# PBM: dhcpcd lease file must be deleted to get a new IP

## VinzC

Hi.

I have dhcpcd-5.1.3-r1 and today I had to delete the lease file (/var/lib/dhcpcd/dhcpcd-bond0.lease) I had at work otherwise dhcpcd wouldn't get an IP address from my home DHCP server (a linksys router w/ DD-WRT v24). I saw in the log dhcpcd wanted to rebind the IP address I had at work, which was refused by DD-WRT. Is there a way to tell dhcpcd not to try to rebind a previous lease?

Thanks for any hint/suggestion.

----------

## UberLord

Get dhcpcd to release the lease when it stops, then it won't attempt to rebind at next start.
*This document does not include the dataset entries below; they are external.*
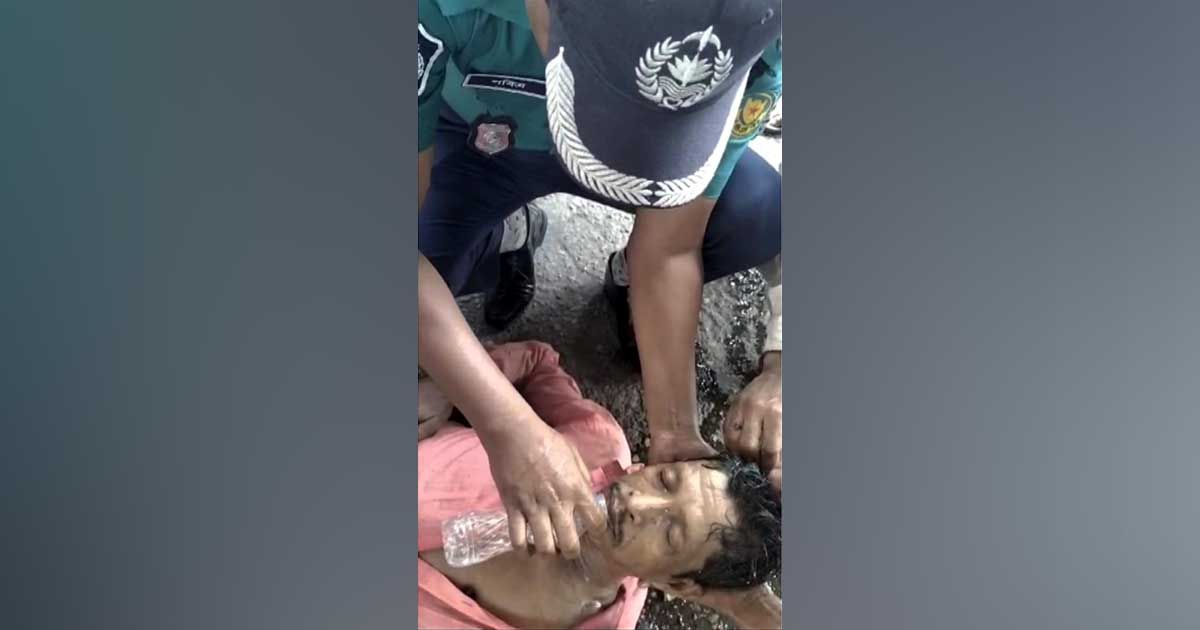 ট্রাফিক-পুলিশের-তৎপরতায়-রক্ষা-পেল-রিকশাচালকের-প্রাণ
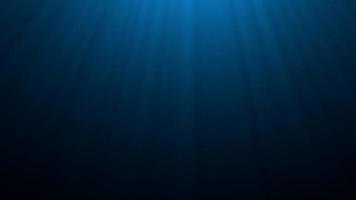 blu profondo sottomarino con raggio di sole che attraversa la superficie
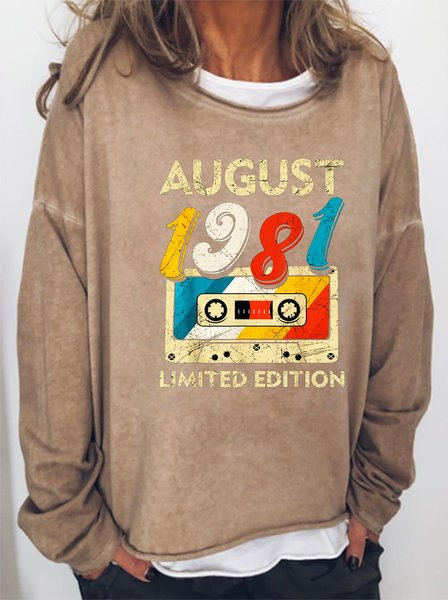 

Retro August 1981 Cassette Tape 40th Birthday Decorations Women's Long Sleeve Sweatshirt, Light brown, Hoodies&Sweatshirts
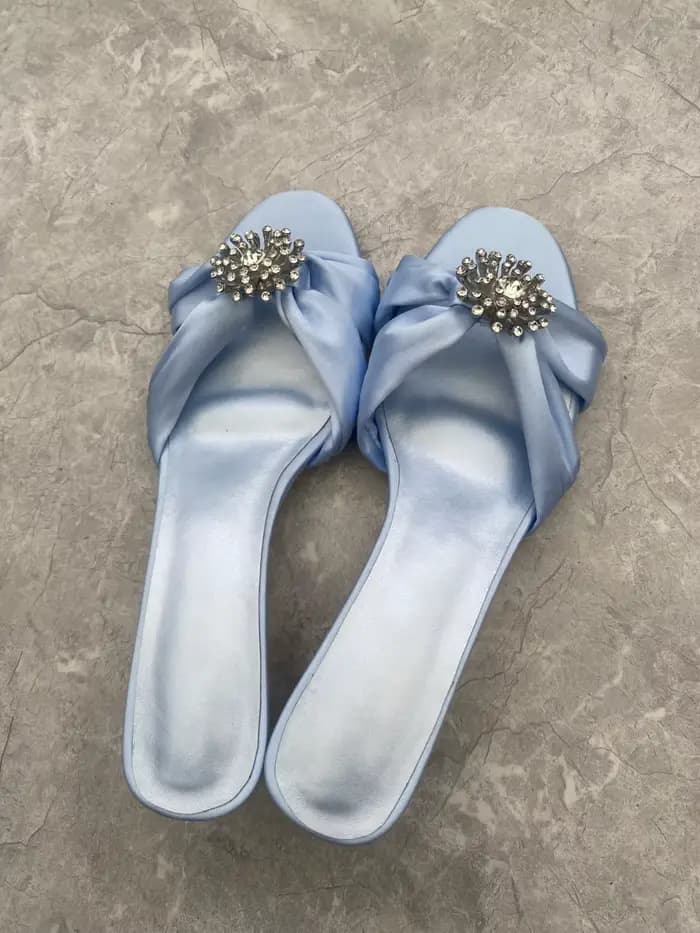 Nouvelles mules d'été pour femme en satin bleu clair à talon chaton
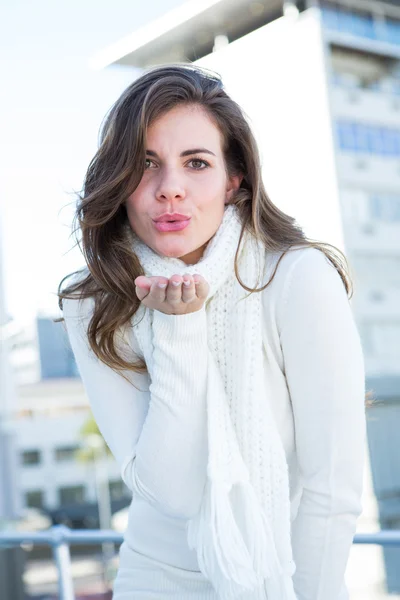 Nádherná brunetka foukání polibek — Stock fotografie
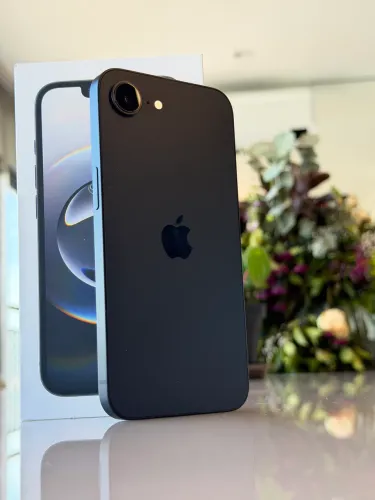 iPhone 16E 128GB Impecável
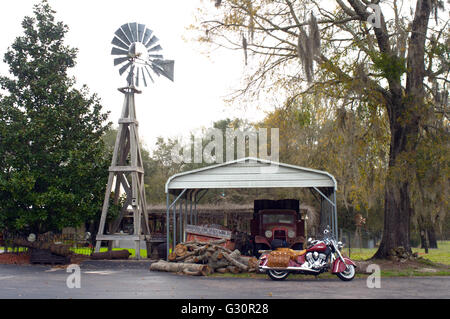 Ein spätes Modell Indian Chief Vintage Motorrad vor einem rustikalen Hintergrund geparkt. Stockfoto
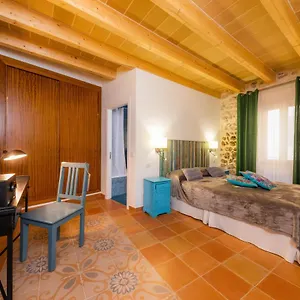 https://casa-abeurador-con-mucho-encanto-en-el-centro-de-art.balearic-islands.net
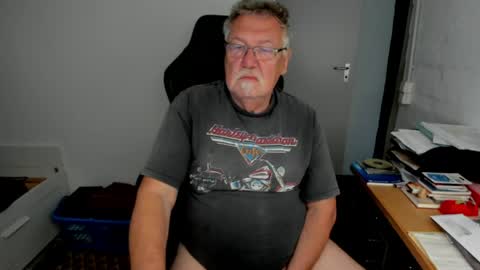 Snapshot of sharlots_pet chatting on 04/25/26, 11:24 sharlots_pet online show from 04/25/26, 11:24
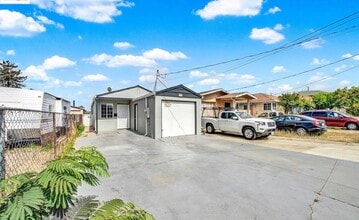 Building Photo - Single Family Home Available Now!!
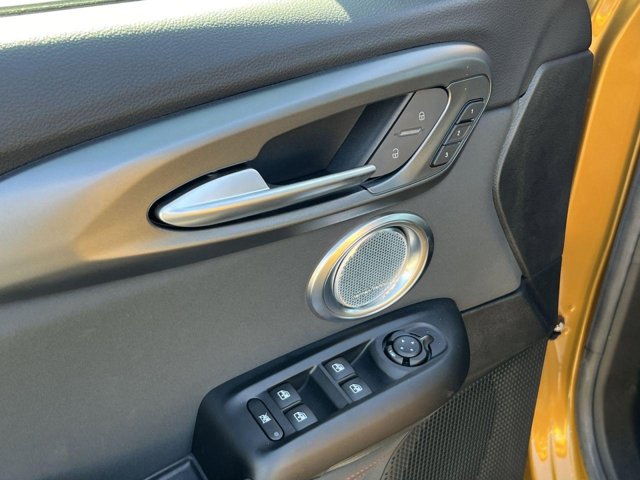 Vehicle image 7 of 24
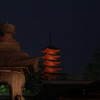闇夜に浮かぶ塔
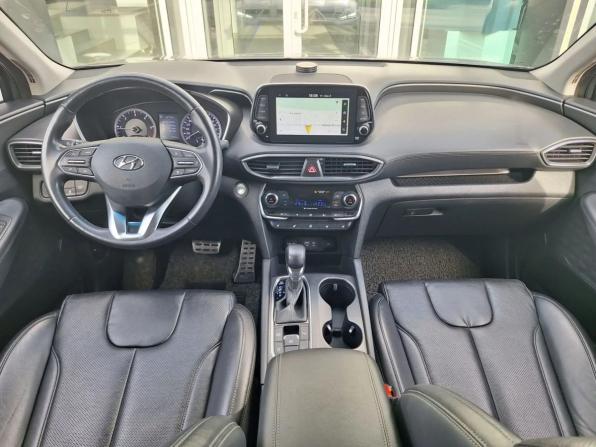 Hyundai Santa Fe IV с пробегом 2018 года, цена 2 649 000 рублей, 70500 км, внедорожник, Автокод Объявления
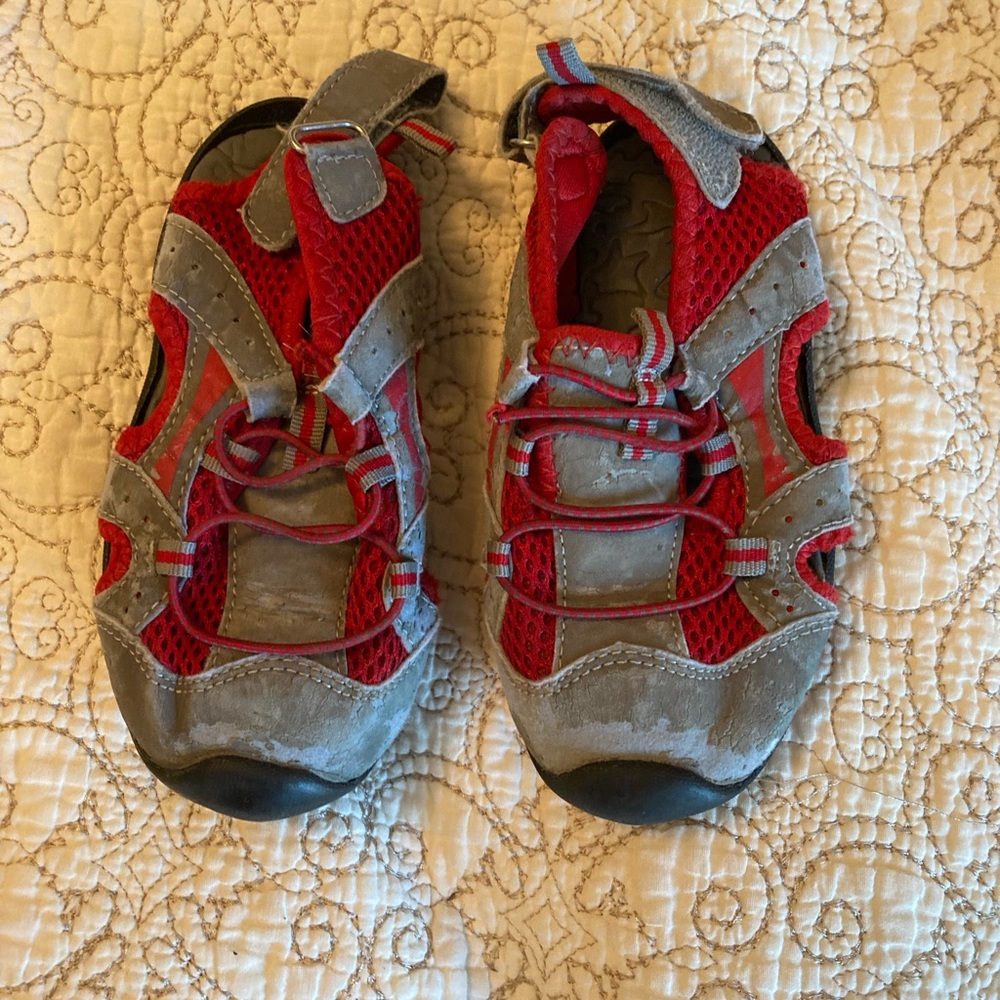 Koloa kids size 9 sandals.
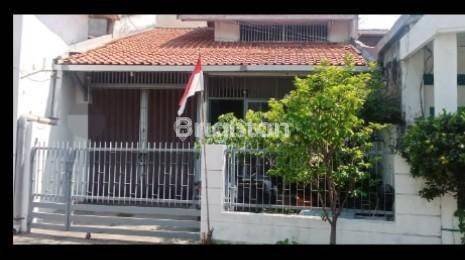 DIJUAL RUMAH STRATEGIS TIGA LANTAI TENGAH KOTA 1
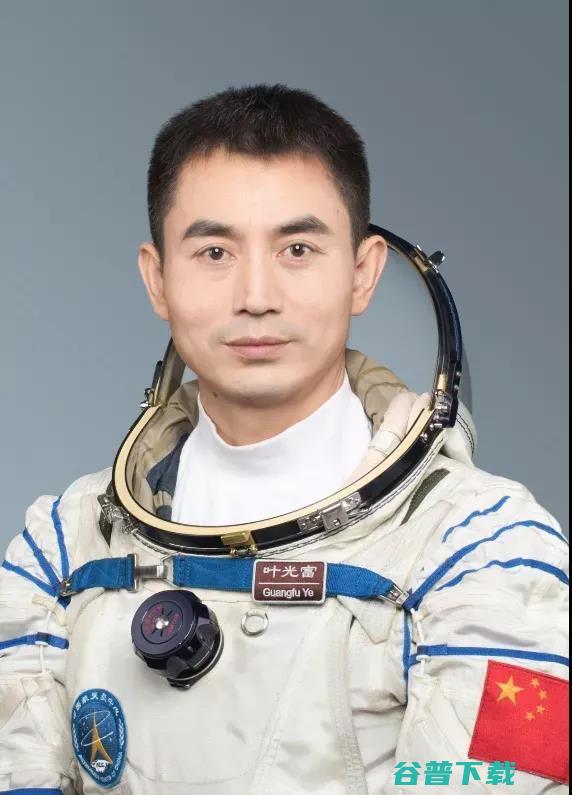 神舟十三号完美升空：实现「首次」，并与月亮「共舞」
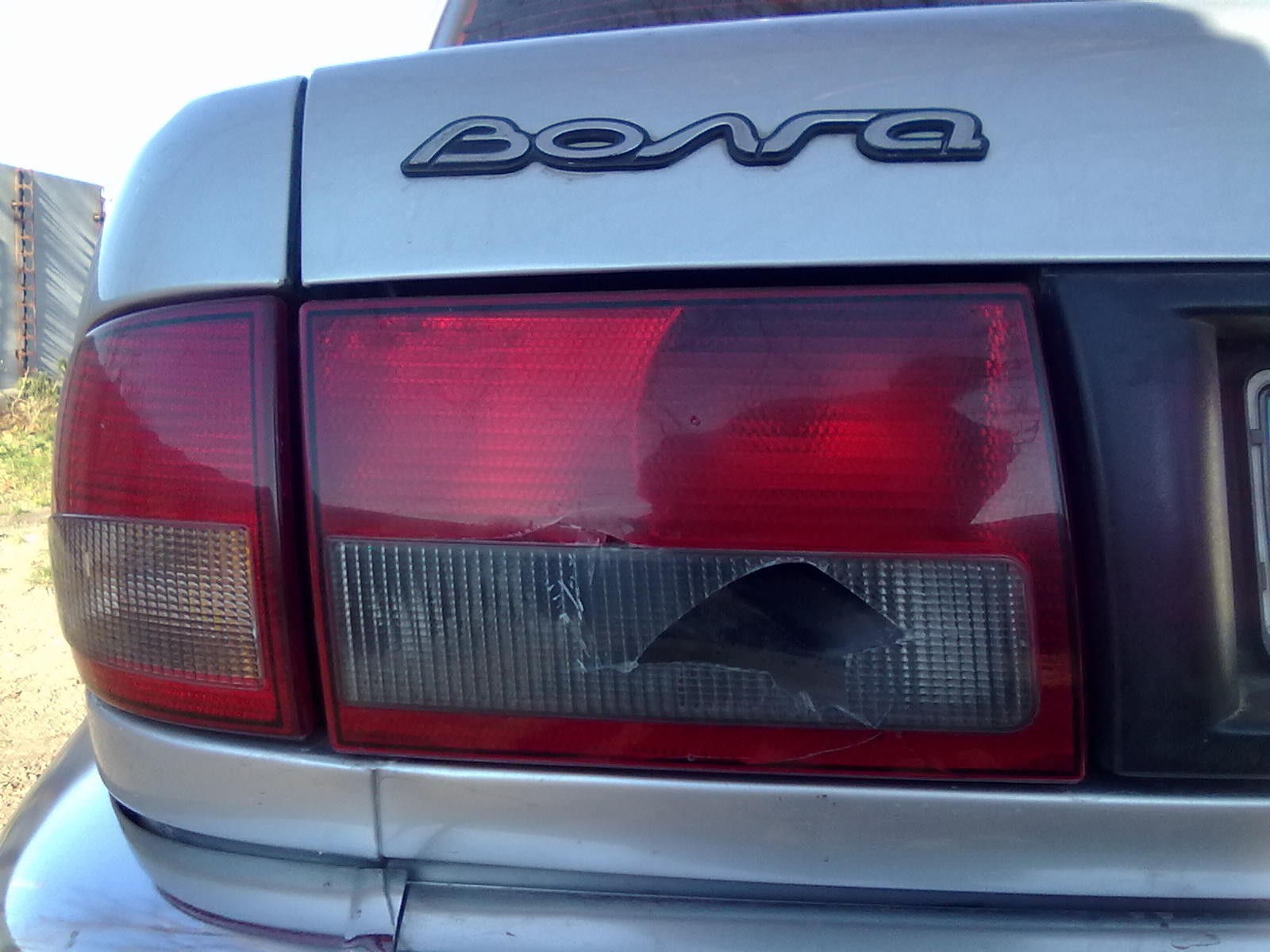 Задняя противотуманная фара и задний ход ГАЗ 31105  2007 2.3 Бензин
If using net.xxx, add this to /etc/conf.d/net

dhcp_eth0="release"

If using the dhcpcd init script, add this to /etc/conf.d/dhcpcd

stopsig=SIGHUP

----------

## VinzC

Thanks, Roy. That did it. I used dhcpcd config file in fact but that the same as using /etc/conf.d/net, I presume...

----------

## VinzC

Option release actually doesn't work. It's been a couple of times I've been forced to remove the lease file before dhcpcd could get an IP address at home. Otherwise dhcpcd systematically fails. I must have been mistaken the first time.

----------